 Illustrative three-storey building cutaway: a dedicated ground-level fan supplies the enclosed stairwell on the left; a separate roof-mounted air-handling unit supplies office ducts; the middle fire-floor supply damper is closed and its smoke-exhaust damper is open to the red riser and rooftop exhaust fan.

.....

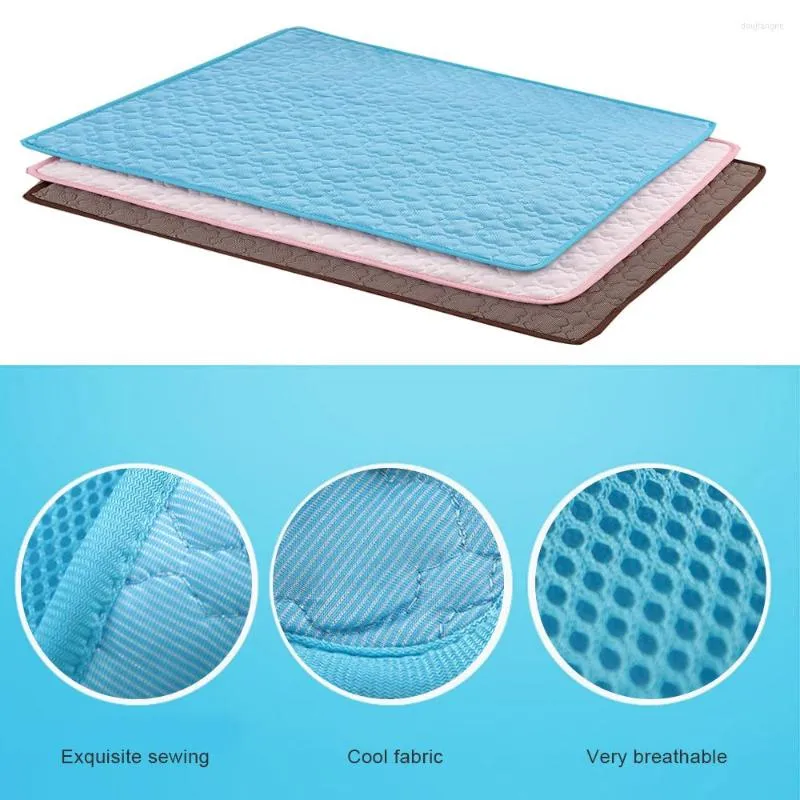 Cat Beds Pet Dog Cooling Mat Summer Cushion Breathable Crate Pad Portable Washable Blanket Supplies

.....

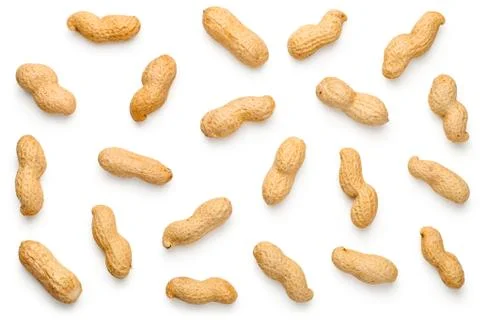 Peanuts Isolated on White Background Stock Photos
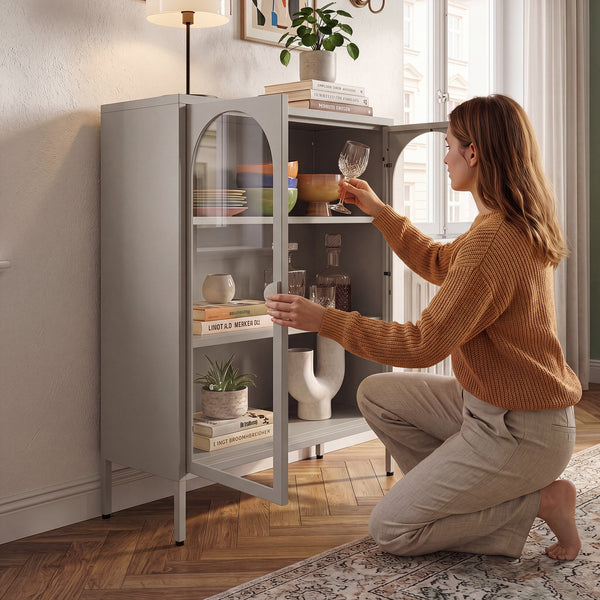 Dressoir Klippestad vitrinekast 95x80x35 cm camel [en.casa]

.....

■ Task prompt ■
A word-for-word reproduction is needed of the lines above from the line containing "Peanuts Isolated on" through the line containing "Dressoir Klippestad vitrinekast", with both ends kept and no pictures.

■ Response to the task ■
 Peanuts Isolated on White Background Stock Photos
 Dressoir Klippestad vitrinekast 95x80x35 cm camel [en.casa]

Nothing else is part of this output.